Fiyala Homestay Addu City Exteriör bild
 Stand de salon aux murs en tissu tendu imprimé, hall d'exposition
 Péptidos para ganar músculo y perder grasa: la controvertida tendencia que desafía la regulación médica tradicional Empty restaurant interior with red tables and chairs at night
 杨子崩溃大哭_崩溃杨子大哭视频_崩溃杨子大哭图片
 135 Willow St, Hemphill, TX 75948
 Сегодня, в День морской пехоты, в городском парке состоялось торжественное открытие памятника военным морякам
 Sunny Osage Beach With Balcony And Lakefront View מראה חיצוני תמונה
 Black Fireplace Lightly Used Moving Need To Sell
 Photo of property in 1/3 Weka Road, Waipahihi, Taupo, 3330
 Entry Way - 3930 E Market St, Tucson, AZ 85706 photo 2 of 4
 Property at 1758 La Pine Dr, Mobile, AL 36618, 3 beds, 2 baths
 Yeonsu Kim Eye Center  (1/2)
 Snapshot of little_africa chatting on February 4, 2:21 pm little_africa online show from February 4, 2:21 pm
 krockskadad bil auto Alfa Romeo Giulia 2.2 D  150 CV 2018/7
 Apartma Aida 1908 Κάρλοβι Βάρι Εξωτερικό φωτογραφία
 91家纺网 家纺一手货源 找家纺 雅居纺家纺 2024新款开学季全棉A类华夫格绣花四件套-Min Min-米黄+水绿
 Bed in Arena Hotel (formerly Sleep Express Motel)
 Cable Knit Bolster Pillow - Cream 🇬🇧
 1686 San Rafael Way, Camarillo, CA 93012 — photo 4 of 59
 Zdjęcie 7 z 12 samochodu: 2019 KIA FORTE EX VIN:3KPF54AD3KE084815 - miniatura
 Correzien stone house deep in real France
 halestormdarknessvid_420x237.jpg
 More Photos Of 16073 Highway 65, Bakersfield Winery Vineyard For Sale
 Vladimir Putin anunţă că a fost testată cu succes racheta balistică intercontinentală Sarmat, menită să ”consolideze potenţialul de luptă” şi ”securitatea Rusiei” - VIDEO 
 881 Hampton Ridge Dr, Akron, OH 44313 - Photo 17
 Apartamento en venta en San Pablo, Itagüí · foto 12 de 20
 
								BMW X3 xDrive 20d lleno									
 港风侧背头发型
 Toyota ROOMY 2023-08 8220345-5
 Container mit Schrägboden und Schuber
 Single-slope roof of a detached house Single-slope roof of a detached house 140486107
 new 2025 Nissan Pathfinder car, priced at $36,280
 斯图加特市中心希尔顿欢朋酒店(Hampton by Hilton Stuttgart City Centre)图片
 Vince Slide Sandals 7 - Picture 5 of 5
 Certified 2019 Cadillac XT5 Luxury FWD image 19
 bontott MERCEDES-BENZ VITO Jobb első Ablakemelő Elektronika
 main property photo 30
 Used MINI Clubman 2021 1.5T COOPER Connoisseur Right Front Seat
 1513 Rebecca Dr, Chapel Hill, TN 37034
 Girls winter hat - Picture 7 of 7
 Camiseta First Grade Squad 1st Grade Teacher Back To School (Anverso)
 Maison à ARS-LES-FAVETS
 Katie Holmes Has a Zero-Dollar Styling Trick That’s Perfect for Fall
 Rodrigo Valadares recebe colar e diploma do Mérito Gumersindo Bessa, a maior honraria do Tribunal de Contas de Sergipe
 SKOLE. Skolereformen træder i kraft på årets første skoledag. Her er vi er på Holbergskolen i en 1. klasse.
★ ★ ★
ASSIGNMENT |
From the listing above, copy every line that includes the word "house".

SOLUTION TO THIS PROBLEM |
 Correzien stone house deep in real France
 Single-slope roof of a detached house Single-slope roof of a detached house 140486107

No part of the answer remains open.